Write out exactly the lines below starting at the one containing "HANG OUTのジャケット写真" and ending at the one containing "Võ Luyện Đỉnh Phong - Chapter 845 - Page 11". Omit every picture.
++++ Source data
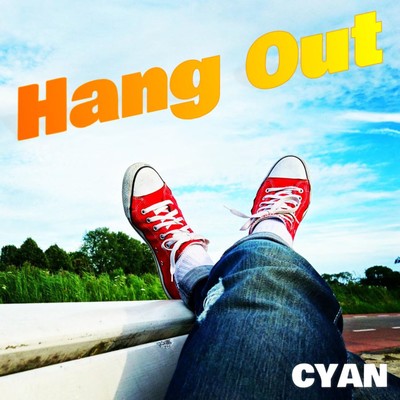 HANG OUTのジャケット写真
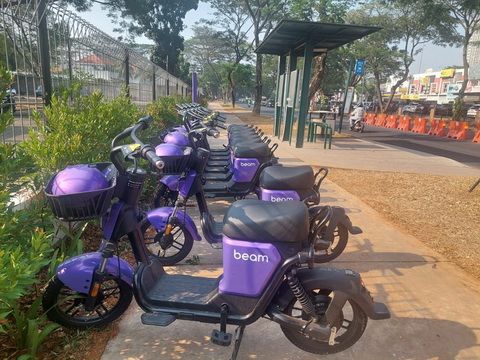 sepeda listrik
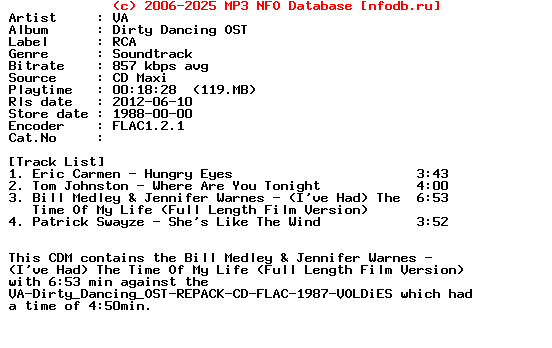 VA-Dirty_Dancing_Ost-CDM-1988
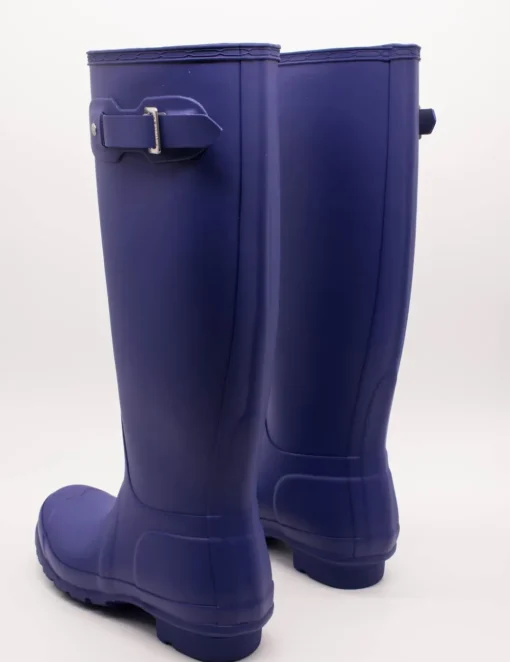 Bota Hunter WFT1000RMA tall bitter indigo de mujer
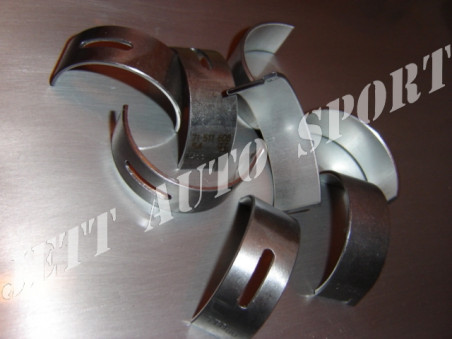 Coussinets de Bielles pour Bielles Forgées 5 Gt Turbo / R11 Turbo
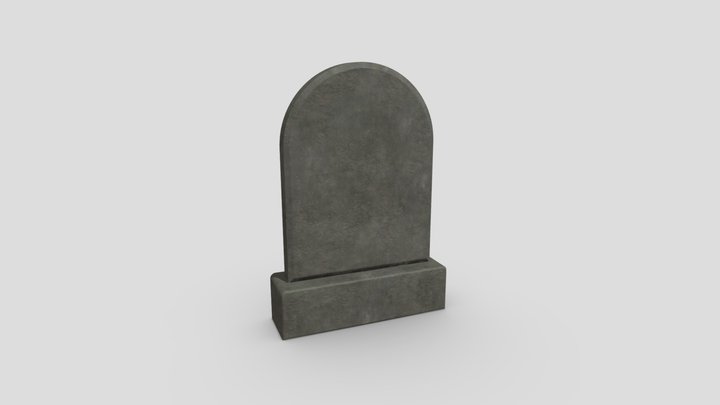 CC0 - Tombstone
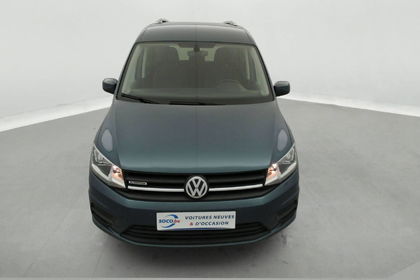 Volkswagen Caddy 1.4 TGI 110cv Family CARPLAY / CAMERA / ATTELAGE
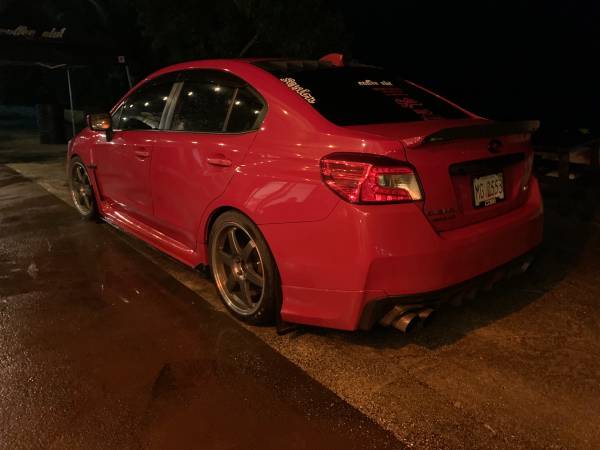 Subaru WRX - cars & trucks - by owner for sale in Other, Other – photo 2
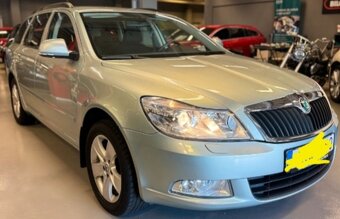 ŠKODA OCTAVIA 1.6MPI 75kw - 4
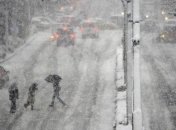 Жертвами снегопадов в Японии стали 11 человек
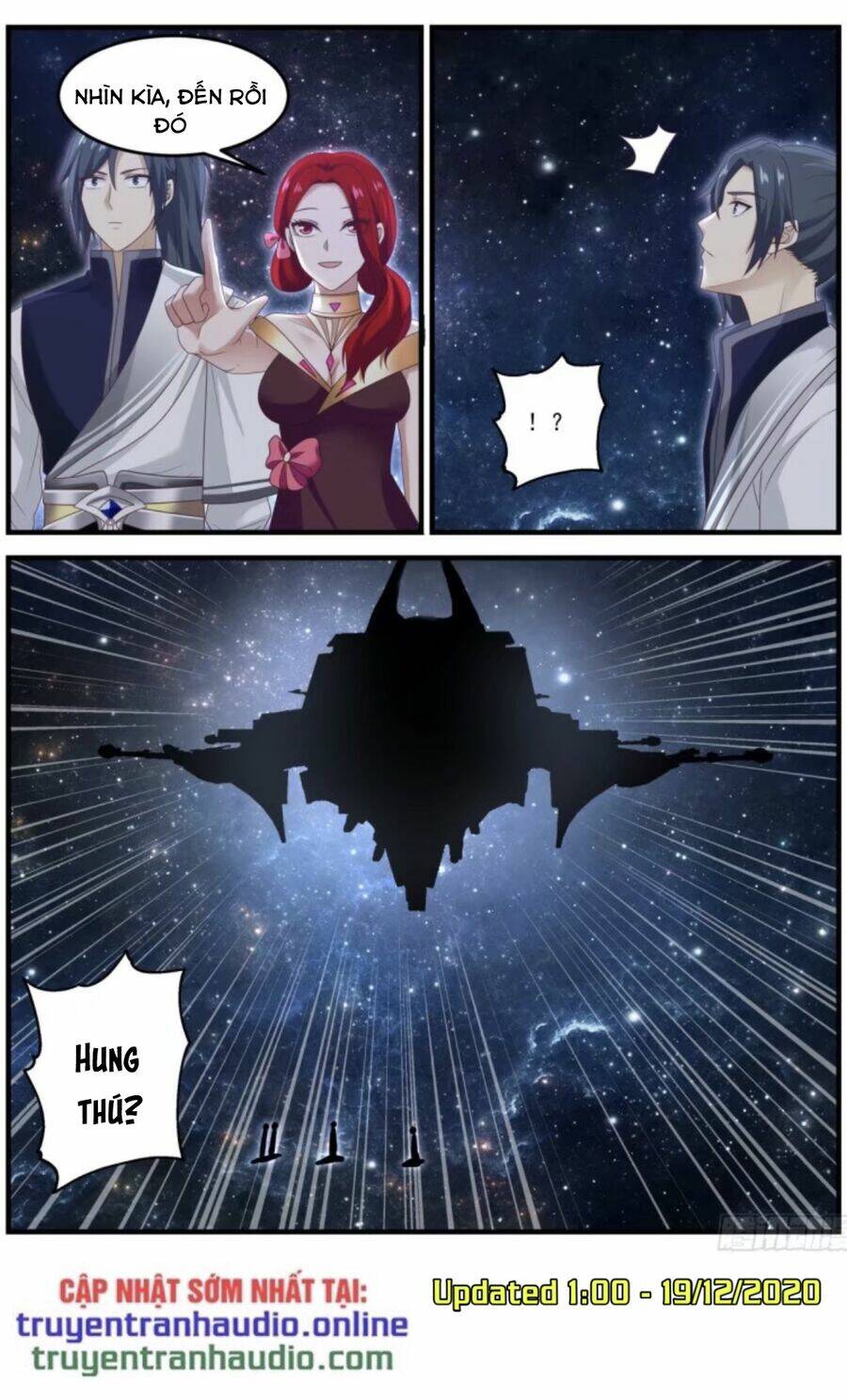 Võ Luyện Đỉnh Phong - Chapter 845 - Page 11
++++++++
++++ Source data
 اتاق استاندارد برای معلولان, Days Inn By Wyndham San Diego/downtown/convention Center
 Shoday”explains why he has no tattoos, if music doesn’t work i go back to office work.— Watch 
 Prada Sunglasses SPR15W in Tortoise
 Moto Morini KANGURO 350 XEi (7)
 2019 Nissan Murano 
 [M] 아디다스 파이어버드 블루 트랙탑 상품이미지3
++++++++
++++ Source data
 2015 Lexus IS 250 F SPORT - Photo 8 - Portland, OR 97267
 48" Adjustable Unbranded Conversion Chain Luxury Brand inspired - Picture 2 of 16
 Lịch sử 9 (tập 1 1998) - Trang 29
++++++++
** Solution **
 HANG OUTのジャケット写真
 sepeda listrik
 VA-Dirty_Dancing_Ost-CDM-1988
 Bota Hunter WFT1000RMA tall bitter indigo de mujer
 Coussinets de Bielles pour Bielles Forgées 5 Gt Turbo / R11 Turbo
 CC0 - Tombstone
 Volkswagen Caddy 1.4 TGI 110cv Family CARPLAY / CAMERA / ATTELAGE
 Subaru WRX - cars & trucks - by owner for sale in Other, Other – photo 2
 ŠKODA OCTAVIA 1.6MPI 75kw - 4
 Жертвами снегопадов в Японии стали 11 человек
 Võ Luyện Đỉnh Phong - Chapter 845 - Page 11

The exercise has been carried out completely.